Even the fanciest disk can't be more than 100% busy, but it can look that way to Performance Monitor. Several factors can cause this discrepancy and they are sometimes all happening at once:
- The Disk Performance Statistics Driver, which collects disk measurements for Performance Monitor, can exaggerate disk time. It doesn't actually time the disk, it times I/O requests. It assumes that, as long as a request is in process, the disk is busy. It also counts all processing time—including time in the disk driver stack and in the queue—as part of reading or writing time. Then it sums all busy time for all requests and divides it by the elapsed time of the sample interval. When more than one request is in process at a time, the total processing time is greater than the time of the sample interval, and the disk looks more than 100% busy.
- When Performance Monitor combines data for more than one component of a disk or disk set, it often just sums the values; it doesn't recalculate them in proportion to the whole component. Therefore, a sum can exceed 100%, even when some of the instances are idle.
For example, the %Disk Time counter just displays the sum of %Disk Read Time and %Disk Write Time. The value is not recalculated as a percentage of all time for the disk.
Similarly, the _Total instance of many counters is just a sum of the values for all physical or logical disks. The value is not recalculated as a percentage of time for all disks. For example, if one disk is 100% busy and another is idle, the _Total displays 100% busy, not 50% busy.
Note
When calculating the _Total instance for the Avg. Disk Bytes/Transfer, Avg. Disk sec/Transfer, and %Free Space counters, Performance Monitor recalculates the sums as a percentage for each disk.
Also, the Physical Disk counters are sums of the values for the logical disk. If any logical disk is 100% busy, it looks like all partitions are 100% busy.
- Finally, the percentage counters are limited, by definition, to a maximum of 100%. When a value exceeds 100%, Performance Monitor still displays 100%. This is especially inconvenient when measuring values that are sums, which are even more likely to exceed 100%.
Now that you understand how the disk counters work, you can use them more effectively.

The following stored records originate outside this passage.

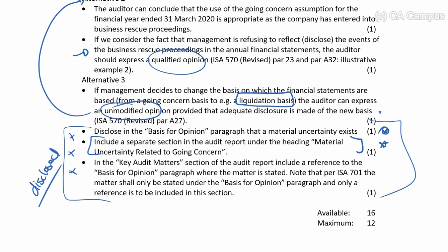They refuse to disclose. We've given the option that maybe they change the basis — if they do, they don't have a material uncertainty about going concern; they've changed to liquidation basis, saying there is no material uncertainty and they are not a going concern. So that heading would be inappropriate. I've included it because that's how you need to approach it across multiple questions, but you need to adjust your thinking to exclude that.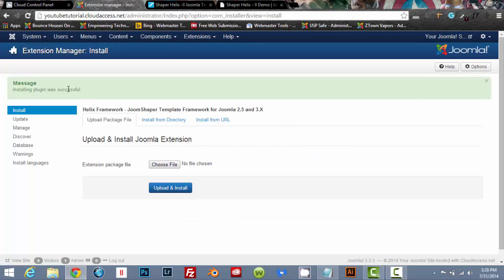And now we're going to download the system plugin. Double click upload and install. So every time you install something, you're going to get a little message over here. If it's in the green, you're doing good. If it's orange or red, something went wrong.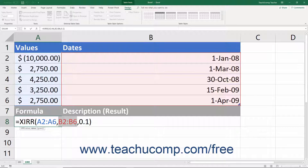For example, the 25th of May, 2020 should be entered as: equals DATE, open parenthesis, 2020, comma, 5, comma, 25, close parenthesis. All dates must correspond to a cash flow entry. No date can be earlier than the initially entered date. All dates must be valid.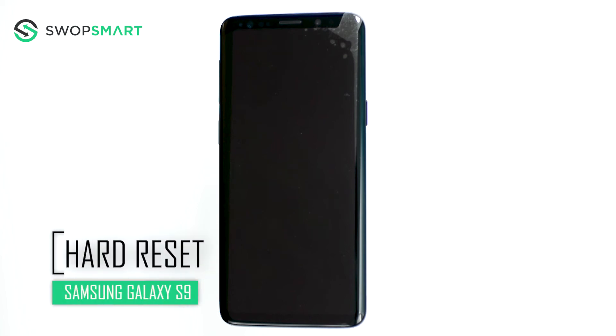Hello everyone, on today's episode of Get Smart with SwapSmart we will be teaching you how to hard reset your Samsung Galaxy S9.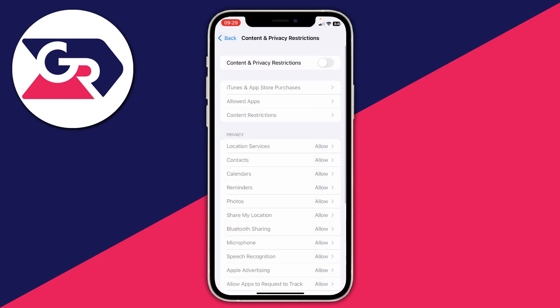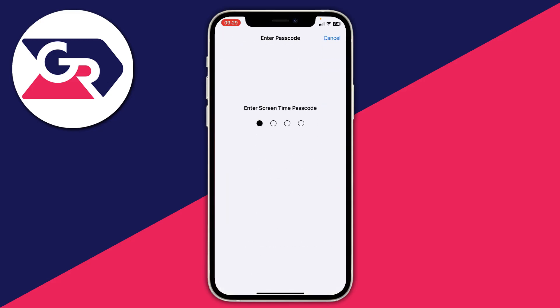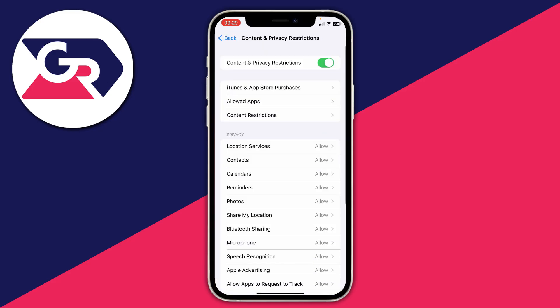Also, not everyone will have a passcode on this, so some people will just be able to toggle it on and off freely. But if there is a passcode, you'll need to enter it, so you may need to find out what it is or get the person who set it up to enter it.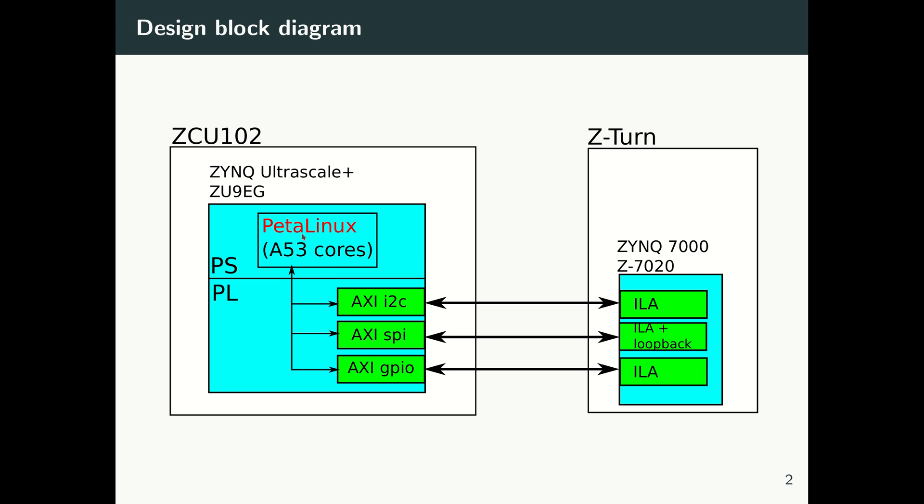Then I show you how, using PetaLinux, I can access each of these interfaces—I can send data and read data to each of these interfaces. And in order to test our design, to prove that the design is working fine, I'm connecting our ZCU102 board with simple wires to a Z-Turn board.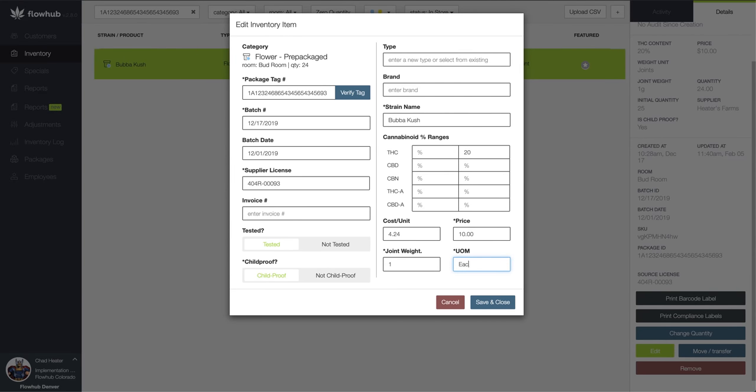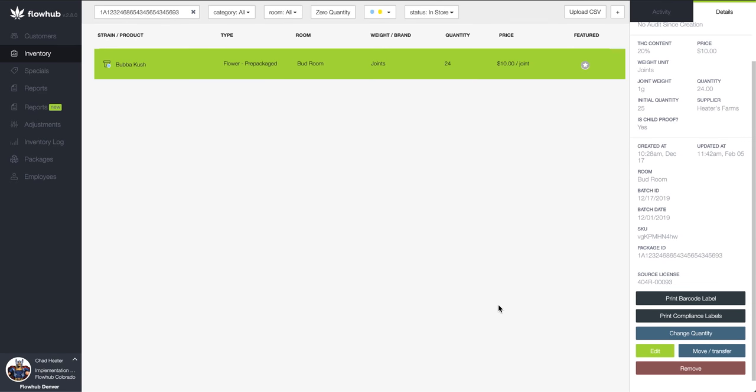Cool beans! We've now gone over discrepancies in units of measure and how to correct them.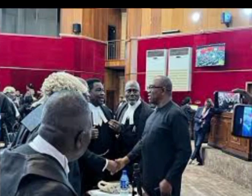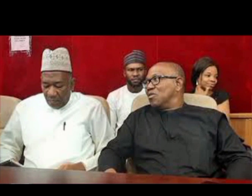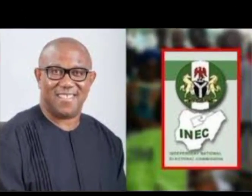However, all respondents in the matter urged the court to dismiss the application for want of competence. Cited as first to fourth respondents in the petition are the Independent National Electoral Commission, the President of the Federal Republic of Nigeria, the Vice President Kashim Shettima, and the All Progressives Congress.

- Monitor individual instances in as much detail as you can see them. Whenever practical, avoid summed values and the _Total instance. When you need to use them, remember that they are sums.

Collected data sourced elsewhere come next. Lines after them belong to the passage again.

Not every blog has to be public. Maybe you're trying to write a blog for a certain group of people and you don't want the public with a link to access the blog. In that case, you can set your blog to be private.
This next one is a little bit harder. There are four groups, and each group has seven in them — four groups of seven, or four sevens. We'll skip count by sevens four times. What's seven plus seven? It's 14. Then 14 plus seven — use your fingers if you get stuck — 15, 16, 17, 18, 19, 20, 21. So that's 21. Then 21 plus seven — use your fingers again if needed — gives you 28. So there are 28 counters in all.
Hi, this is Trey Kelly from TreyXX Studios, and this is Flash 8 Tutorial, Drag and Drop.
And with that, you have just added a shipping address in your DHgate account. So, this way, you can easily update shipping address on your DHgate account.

- Use the new Performance Monitor disk activity counters, Avg. Disk Queue Length, Avg. Disk Read Queue Length, Avg. Disk Write Queue Length. They use the same data as the % Disk Time counters, so the busy time values can be exaggerated. However, they report these values in decimals that have no defined maximum, so they can display values above 100% accurately. For more information, see "New Disk Activity Counters," later in this chapter.
- If your disk configuration includes Ftdisk, use the Diskperf -ye option on the Diskperf utility. This installs the Disk Performance Statistics Driver low enough in the disk driver stack that it can see individual physical disks before they are logically combined. If you use Diskperf -y, statistics for all physical disks are summed as though they were one disk.
- If all else fails, factor in the discrepancy when you interpret the values.
For example, if the disks in a five-disk set were busy 30%, 33%, 38%, 0%, and 0% of the time respectively, the Avg. Disk Queue Length would be 1.01. Remember that this means that about 20% of disk set capacity is used, not 101%.